Exercise:
In the listing below, find the line holding "Sala de apartamento" and the line holding "Apartment Tea Primosten Bagian luar foto". Write out those two lines and all lines between, exactly, and nothing more.

Dataset entries:
-*-*-

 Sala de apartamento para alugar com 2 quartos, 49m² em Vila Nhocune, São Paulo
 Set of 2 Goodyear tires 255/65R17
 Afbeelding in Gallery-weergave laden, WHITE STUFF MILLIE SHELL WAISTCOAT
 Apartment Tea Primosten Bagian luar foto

-*-*-

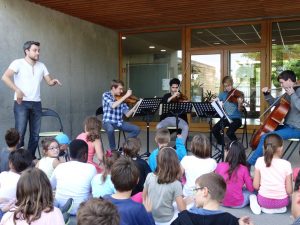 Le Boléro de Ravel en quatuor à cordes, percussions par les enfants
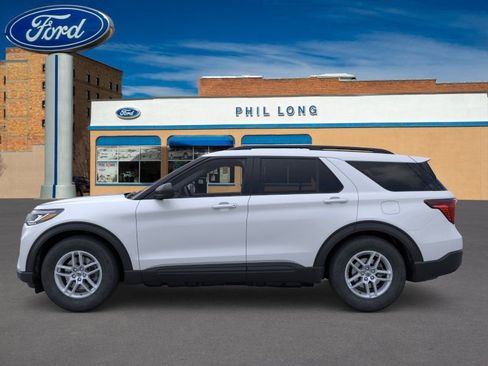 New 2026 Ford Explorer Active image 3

-*-*-

Task solution:
 Sala de apartamento para alugar com 2 quartos, 49m² em Vila Nhocune, São Paulo
 Set of 2 Goodyear tires 255/65R17
 Afbeelding in Gallery-weergave laden, WHITE STUFF MILLIE SHELL WAISTCOAT
 Apartment Tea Primosten Bagian luar foto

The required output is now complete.